# Jumping bettas



## bmlbytes (Aug 1, 2009)

Appearently my bettas like to jump. I have 2 bettas in a 5 gallon tank. One is male and the other female. They are separated. The male learned to jump over the separator. I have temporarily put a piece of cardboard on top to prevent jumping. 

I have a betta in my half aquarium/half terrarium. She jumped out of the water and into the terrarium. Fortunately I had watered the terrarium this morning and she found herself a small puddle about a square inch in size. I noticed she wasnt in the water so I went to go find the probably dead fish, and saw she found a dirty little puddle to live in.

Stupid fish...


----------



## br00tal_dude (Dec 26, 2009)

the only jumper i have had so far was a ghost shrimp... but after that i have taken precautions to aviod it happening to anything else...


----------



## emc7 (Jul 23, 2005)

bettas will jump out of the water to eat insects It might be fun to train one to jump on command with food.
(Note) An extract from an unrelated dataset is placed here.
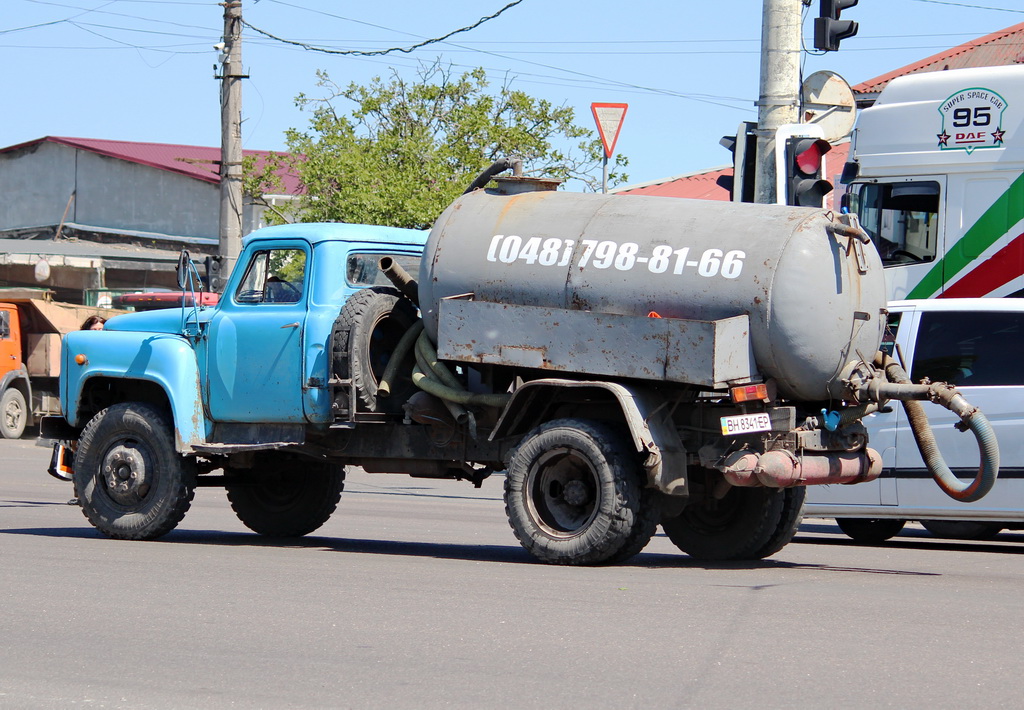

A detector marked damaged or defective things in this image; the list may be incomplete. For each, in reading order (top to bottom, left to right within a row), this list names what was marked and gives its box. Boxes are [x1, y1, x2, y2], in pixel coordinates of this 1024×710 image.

rusty metal surface [436, 299, 757, 387]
For breeding, its common to keep a male & female where they see each other and the female can jump over when shes ready. My least favorite jumping fish is an unidentified killie I got 3/$1 and it jumped into the next tank and killed my clown killie male.


----------



## ApplePie (Jan 21, 2010)

Do you have a lid? Get one if you don't.


----------



## OCtrackiepacsg1 (Oct 18, 2009)

My betta likes to jump out of the water to touch my finger kinda like a dolphin. sometimes they'll get a good bite too.


----------



## bmlbytes (Aug 1, 2009)

ApplePie said:


> Do you have a lid? Get one if you don't.


The 5 gallon is an old metal one without a lip for a top, so I would have to find a special top for it. The other one is kind of a custom built tank, so no top for that.


----------